### [THE TASK]
Below are entries. Reproduce exactly the lines between the line holding "Автобус 501: карта маршрута" and the line holding "GOOHOCHY 8Pcs Shaped", inclusive, and only those.

[SUPPLIED MATERIAL — start]

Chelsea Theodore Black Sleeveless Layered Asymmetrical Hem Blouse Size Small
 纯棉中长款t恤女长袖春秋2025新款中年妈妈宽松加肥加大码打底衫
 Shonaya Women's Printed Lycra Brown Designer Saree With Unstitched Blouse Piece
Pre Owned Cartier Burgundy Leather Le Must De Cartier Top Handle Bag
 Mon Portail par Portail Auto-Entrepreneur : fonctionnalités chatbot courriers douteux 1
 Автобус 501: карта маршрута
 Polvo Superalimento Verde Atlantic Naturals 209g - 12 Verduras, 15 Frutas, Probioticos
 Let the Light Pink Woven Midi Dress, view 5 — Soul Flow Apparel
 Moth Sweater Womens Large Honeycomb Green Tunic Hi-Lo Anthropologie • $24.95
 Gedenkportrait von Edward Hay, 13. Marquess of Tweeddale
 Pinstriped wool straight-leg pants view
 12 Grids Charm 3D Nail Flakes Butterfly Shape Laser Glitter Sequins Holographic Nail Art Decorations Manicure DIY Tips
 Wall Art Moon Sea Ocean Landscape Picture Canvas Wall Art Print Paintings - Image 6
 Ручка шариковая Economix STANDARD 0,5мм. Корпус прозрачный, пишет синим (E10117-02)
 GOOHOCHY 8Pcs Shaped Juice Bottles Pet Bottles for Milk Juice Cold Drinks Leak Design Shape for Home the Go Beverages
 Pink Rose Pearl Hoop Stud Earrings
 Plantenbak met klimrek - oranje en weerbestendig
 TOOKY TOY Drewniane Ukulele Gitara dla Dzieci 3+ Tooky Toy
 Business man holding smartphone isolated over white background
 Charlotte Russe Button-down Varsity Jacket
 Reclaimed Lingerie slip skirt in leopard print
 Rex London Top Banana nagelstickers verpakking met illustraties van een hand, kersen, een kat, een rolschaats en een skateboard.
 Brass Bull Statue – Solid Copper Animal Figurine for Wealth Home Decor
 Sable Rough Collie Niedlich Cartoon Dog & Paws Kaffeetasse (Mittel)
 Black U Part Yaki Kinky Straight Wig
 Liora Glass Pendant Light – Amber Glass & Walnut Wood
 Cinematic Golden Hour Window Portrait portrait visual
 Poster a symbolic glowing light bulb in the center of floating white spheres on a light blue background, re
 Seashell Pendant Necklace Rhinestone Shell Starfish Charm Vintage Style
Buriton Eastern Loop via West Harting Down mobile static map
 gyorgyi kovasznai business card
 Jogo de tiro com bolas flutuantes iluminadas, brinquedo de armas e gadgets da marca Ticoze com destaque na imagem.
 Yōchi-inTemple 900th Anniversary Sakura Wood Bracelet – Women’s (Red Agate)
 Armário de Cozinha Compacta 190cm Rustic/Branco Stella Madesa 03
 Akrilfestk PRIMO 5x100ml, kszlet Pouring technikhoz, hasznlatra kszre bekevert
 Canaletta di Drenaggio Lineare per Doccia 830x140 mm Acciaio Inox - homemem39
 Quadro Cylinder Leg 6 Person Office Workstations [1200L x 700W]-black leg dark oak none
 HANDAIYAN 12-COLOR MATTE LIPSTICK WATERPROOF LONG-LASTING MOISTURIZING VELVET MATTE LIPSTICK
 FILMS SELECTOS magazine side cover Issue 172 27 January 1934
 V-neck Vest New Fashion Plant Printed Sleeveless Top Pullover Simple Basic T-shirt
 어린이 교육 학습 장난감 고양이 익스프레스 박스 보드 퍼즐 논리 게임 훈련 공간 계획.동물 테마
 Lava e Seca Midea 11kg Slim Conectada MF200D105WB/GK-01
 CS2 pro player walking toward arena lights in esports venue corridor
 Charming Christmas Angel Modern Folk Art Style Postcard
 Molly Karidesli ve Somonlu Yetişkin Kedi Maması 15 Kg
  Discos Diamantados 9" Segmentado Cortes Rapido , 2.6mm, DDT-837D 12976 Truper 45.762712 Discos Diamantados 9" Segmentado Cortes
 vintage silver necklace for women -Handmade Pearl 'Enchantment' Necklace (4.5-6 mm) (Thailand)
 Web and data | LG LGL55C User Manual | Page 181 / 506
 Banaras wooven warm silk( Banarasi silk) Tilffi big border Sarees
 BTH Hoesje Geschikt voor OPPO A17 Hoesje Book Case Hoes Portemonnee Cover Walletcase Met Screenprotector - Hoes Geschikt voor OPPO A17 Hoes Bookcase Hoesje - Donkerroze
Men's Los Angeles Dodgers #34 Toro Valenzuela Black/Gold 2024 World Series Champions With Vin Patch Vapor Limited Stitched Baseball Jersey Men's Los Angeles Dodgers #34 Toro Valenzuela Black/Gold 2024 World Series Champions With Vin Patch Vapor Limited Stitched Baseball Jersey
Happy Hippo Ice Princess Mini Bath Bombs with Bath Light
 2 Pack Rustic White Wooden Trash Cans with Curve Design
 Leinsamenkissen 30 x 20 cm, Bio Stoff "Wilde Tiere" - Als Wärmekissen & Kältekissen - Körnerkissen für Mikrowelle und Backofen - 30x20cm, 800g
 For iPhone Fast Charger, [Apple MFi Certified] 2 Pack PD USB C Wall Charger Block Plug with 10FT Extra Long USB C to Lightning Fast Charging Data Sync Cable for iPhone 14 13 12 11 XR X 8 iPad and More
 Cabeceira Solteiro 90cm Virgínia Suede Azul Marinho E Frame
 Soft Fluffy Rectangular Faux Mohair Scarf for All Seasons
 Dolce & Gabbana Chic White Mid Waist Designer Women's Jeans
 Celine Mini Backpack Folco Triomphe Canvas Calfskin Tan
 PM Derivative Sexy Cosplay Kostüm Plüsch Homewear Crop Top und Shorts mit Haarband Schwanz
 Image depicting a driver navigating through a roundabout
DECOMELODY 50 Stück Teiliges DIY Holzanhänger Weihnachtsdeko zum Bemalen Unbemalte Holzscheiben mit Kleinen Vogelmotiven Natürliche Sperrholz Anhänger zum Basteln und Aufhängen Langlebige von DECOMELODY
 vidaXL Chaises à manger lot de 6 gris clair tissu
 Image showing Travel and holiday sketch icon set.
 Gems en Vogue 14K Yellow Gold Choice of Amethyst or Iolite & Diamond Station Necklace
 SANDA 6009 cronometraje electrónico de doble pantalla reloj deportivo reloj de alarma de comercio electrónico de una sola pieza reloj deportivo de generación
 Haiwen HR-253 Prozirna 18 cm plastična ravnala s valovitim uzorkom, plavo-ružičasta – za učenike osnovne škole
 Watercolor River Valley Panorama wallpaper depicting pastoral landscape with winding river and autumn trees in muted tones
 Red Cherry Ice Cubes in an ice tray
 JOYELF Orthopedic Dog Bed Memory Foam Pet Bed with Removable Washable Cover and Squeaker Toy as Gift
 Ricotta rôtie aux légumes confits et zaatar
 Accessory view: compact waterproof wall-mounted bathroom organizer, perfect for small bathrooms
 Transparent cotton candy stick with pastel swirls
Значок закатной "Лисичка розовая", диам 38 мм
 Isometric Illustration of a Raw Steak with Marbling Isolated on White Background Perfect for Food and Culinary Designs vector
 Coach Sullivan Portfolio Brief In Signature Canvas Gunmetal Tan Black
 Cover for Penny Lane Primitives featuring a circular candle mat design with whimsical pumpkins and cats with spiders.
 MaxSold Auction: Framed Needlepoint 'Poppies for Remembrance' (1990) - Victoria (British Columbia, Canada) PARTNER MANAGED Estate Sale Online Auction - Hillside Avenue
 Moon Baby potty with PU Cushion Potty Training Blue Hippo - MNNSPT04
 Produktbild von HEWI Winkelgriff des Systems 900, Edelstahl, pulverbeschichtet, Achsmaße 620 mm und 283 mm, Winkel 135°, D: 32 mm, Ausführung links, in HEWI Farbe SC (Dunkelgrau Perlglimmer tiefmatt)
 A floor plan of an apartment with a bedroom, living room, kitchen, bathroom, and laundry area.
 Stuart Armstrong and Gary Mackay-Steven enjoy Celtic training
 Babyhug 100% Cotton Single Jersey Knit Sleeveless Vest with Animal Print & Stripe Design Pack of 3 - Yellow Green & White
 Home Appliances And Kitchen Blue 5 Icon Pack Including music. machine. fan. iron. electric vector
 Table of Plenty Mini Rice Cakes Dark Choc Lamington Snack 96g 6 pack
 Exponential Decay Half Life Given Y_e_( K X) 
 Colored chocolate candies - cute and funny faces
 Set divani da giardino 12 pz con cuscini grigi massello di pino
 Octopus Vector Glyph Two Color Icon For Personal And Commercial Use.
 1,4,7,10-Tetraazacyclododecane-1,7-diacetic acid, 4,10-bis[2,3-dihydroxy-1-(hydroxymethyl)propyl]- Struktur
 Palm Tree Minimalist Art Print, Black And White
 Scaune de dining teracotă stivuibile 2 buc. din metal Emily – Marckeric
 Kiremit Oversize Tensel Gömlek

[SUPPLIED MATERIAL — finish]

### [TASK RESPONSE]
 Автобус 501: карта маршрута
 Polvo Superalimento Verde Atlantic Naturals 209g - 12 Verduras, 15 Frutas, Probioticos
 Let the Light Pink Woven Midi Dress, view 5 — Soul Flow Apparel
 Moth Sweater Womens Large Honeycomb Green Tunic Hi-Lo Anthropologie • $24.95
 Gedenkportrait von Edward Hay, 13. Marquess of Tweeddale
 Pinstriped wool straight-leg pants view
 12 Grids Charm 3D Nail Flakes Butterfly Shape Laser Glitter Sequins Holographic Nail Art Decorations Manicure DIY Tips
 Wall Art Moon Sea Ocean Landscape Picture Canvas Wall Art Print Paintings - Image 6
 Ручка шариковая Economix STANDARD 0,5мм. Корпус прозрачный, пишет синим (E10117-02)
 GOOHOCHY 8Pcs Shaped Juice Bottles Pet Bottles for Milk Juice Cold Drinks Leak Design Shape for Home the Go Beverages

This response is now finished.